Nos queda el buen canto
La ópera, con las habituales limitaciones de escritura del compositor catanés, siempre con problemas a la hora de modular, de instrumentar o de variar, posee el encanto melódico propio de su numen y exhibe una vocalidad excelentemente trabajada muy apta para el disfrute, aromática, persuasiva, llena de encanto, propicia para el desarrollo de un muy depurado neobelcantismo, que esta ocasión, justo es decirlo, estuvo bien servido desde el foso por la atinada batuta de Jordi Bernàcer, conocedor de este tipo de repertorio, al que sabe dar lo que necesita: pausa, ligazón, acento, minuciosidad en el fraseo, chispeante movilidad en pasajes «agitato» o «allegro vivo», así en la dinámica y atmosférica obertura.
Acompañó diestramente a unos cantantes más que notables presididos por soprano de la tierra Leonor Bonilla. Es una líricoligera, casi más lo segundo que lo primero, bien esmaltada, de penetrante fluido, de cristalina sustancia, manejada con sapiencia insólita para su edad, aplicando, pese a no ser muy enjundioso su espectro, coloraciones, matices, reguladores de mucho relieve. Dijo y fraseó con tino y cuidado y dibujó primorosamente su aria «Oh! Quante volte» y su exquisito recitativo previo «Eccomi in lieta vesta». Con la solidez transparente de una soprano «sfogato».
El papel de Romeo, escrito –o por falta de un tenor adecuado en su momento o por decisión del propio compositor– para una «mezzo» coloratura, como su creadora Giuditta Grissi –hermana de la gran Giulietta–, fue cantado en esta ocasión por la argentina Daniela Mack, de instrumento sonoro, timbrado, pasajeramente gutural, bien emitido, con adecuada direccionalidad y agudo bien puesto, que reveló ser excelente y apasionada actriz. Como Tebaldo se lució Airam Hernández, tenor lírico puro de acentos viriles, timbre bien coloreado, centro carnoso y agudos de adecuada direccionalidad, bien que a faltos de una esperada mayor redondez y de una tersura más reconocible.
Al lado de los protagonistas actuaron Luis Cansino (Capellio), de vibrato amplio y adecuada presencia vocal, la de un barítono de carácter, y Dario Russo, bajo cumplidor, bien sombreado, un
tanto nasal, convertido aquí en barman. La ROSS respondió muy bien a las solicitudes de la batuta mostrando una inesperada redondez y flexibilidad, con interesantes aportaciones solistas. El Coro anduvo al principio inseguro, pero poco a poco se fue entonando hasta cerrar con nota la sesión, gobernada escénicamente por la «regia» de Silvia Paoli, aquí representada por Tecla Gucci Ludolf.

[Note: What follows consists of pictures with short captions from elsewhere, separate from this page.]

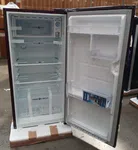 Yasuda 200 Ltr single door Refrigerator Red Floral YSDS200RF image 3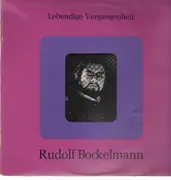 LP - Rudolf Bockelmann - Lebendige Vergangenheit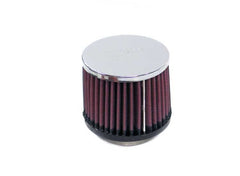 K&N RC-1150 Universal Clamp-On Air Filter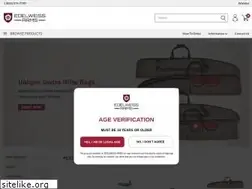 Sites similar to edelweissarms.com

Se nos traslada a los años setenta del siglo XX, en plena guerra de dos grupos enemigos calabreses de la ‘Ndranghetas. De acuerdo en que, como dice la propia regista, el ambiente es «el adecuado para un drama donde el odio y la pasión son los protagonistas». Pero en la obra de Bellini hay una poética que no casa con esas aventuradas transposiciones. Todo es muy funcional y transcurre en el mismo decorado (el Bar Verona). El último cuadro, el de la muerte de los dos enamorados, aparece iluminado por miles de bombillas que no se sabe qué pintan.

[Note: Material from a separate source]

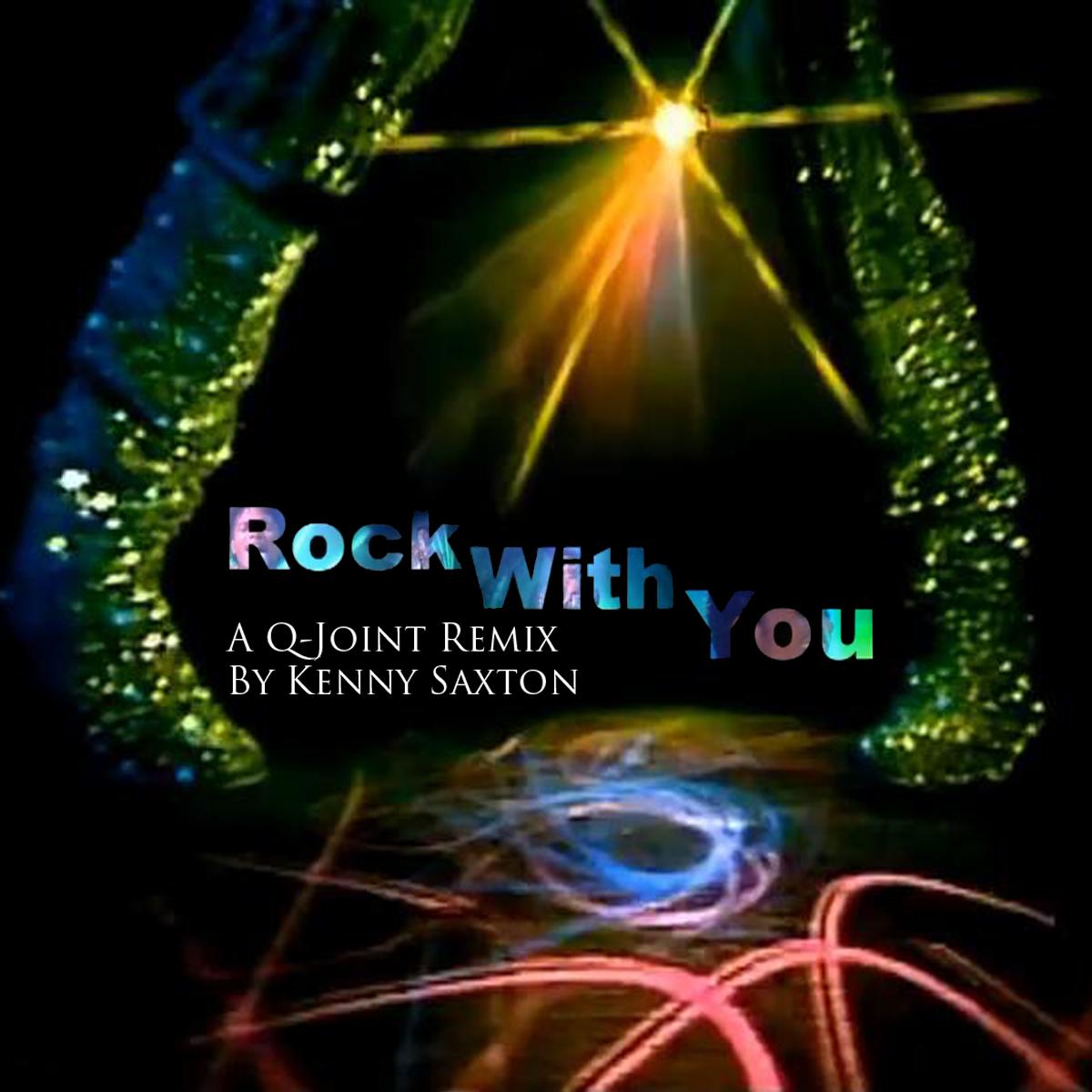 Rock With You [The Reflex Revision]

Los movimientos continuos de los grupos enfrentados, con una actitud estatuaria a veces blandiendo palos de billar o pistolas (no espadas, claro) resulta un tanto forzada e inverosímil. Y el permanente desfile de niños, dirigidos por el que se supone que el fantasma del hermano de Gulietta asesinado por Romeo antes de que comience la acción, acaban por emborronar esta sin aportar en realidad nada significativo. Ausente, pues el romanticismo y entregados a una estética feísta y realista, los refrescantes aires de la obra se diluyen, lo que nos movió a entregarnos en mayor medida al disfrute de la música y del mejor canto.